**Task brief**
Your task is to copy the records that follow exactly, minus any images.

**Data to examine**
-------------------------

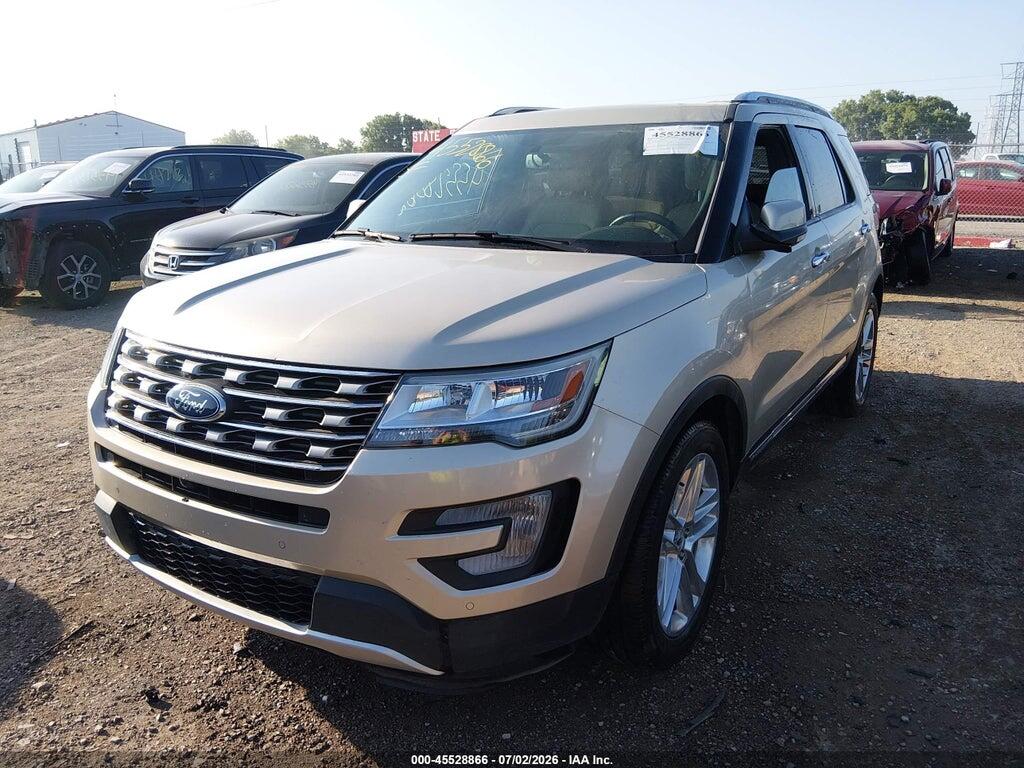 1FM5K8F89HGE35447 2017 FORD EXPLORER photo no. 2
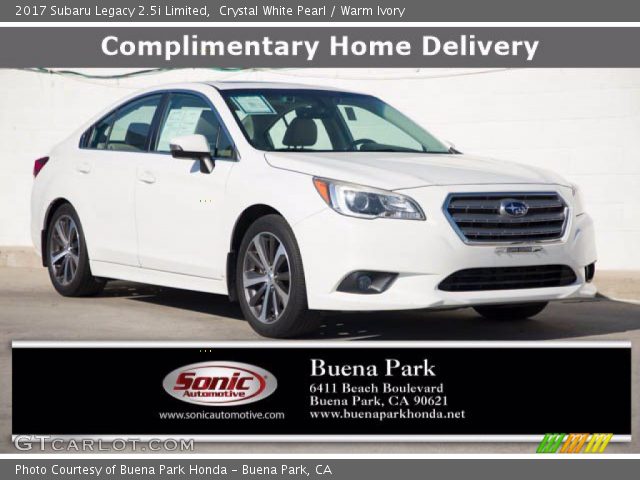 2017 Subaru Legacy 2.5i Limited in Crystal White Pearl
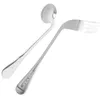 Disposable Flatware 1 Set Of Practical Curved Spoon Disabled Auxiliary Fork Easy Use Tableware Food Feeding Aids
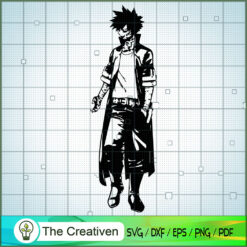 Dabi A-Rank Villain SVG Cut File for Cricut & Silhouette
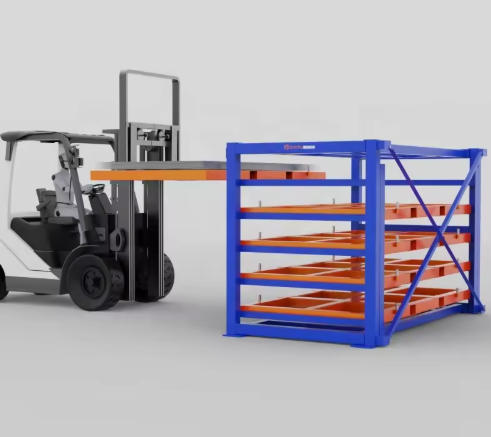 Pallet Rack for Sheets – Herochu Heavy Duty Forklift-Operated Vertical Storage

-------------------------

**Exercise response**
 1FM5K8F89HGE35447 2017 FORD EXPLORER photo no. 2
 2017 Subaru Legacy 2.5i Limited in Crystal White Pearl
 Disposable Flatware 1 Set Of Practical Curved Spoon Disabled Auxiliary Fork Easy Use Tableware Food Feeding Aids
 Dabi A-Rank Villain SVG Cut File for Cricut & Silhouette
 Pallet Rack for Sheets – Herochu Heavy Duty Forklift-Operated Vertical Storage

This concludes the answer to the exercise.